One particular aspect of the cultures of Rio Tinto and BHP Billiton is because they're very similar. There are a lot of my ex colleagues from BHP that currently are managers at Rio Tinto, and two of my colleagues in the top management team of BHP are ex Rio Tinto. So it is very, very similar.
We take very seriously our sustainability, our social responsibilities. We operate at a high level of excellence. So it's not something that you would have a cultural clash or something that you're operating under very different paradigms; it's something that I see as, of course, an important task, but a very doable task.

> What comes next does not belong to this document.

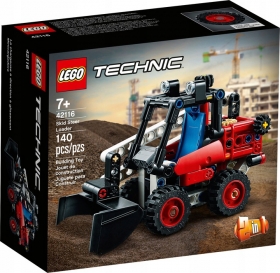 Lego Technic Miniadowarka 42116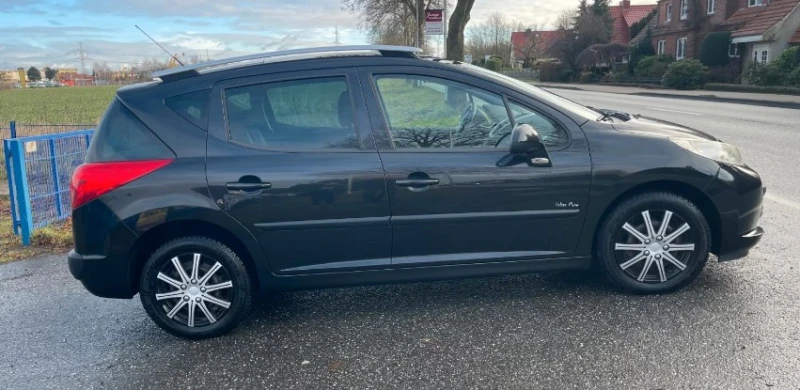 Peugeot 207 SW, снимка 3 - Автомобили и джипове - 52811827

Another point that you should consider, analysis of HR as well, is that we are in an industry that's really struggling to get quality resources across the globe. To be faced with a situation where you might have surplus resources or quality resources because of overlaps is a luxury. And we'll make sure that we allow us to deploy these resources, the surplus resources where there will be more needed. So both things come to play quite well with the combination.
Theresa Gusman - Analyst
Okay.
Operator
(OPERATOR INSTRUCTIONS). It appears we have no further questions coming through, so I'll hand you back to your host to wrap up today's call.
Alex Vanselow - CFO
I thank everybody for calling; this was very interesting. And we'll be in contact. I'm planning to go to the U.S. and the Investor Relations team will be in contact with you to see if it's worthwhile getting together and continuing this conversation. Bye-bye.
Operator
Ladies and gentlemen, the call is now finished. You may hang up your phones.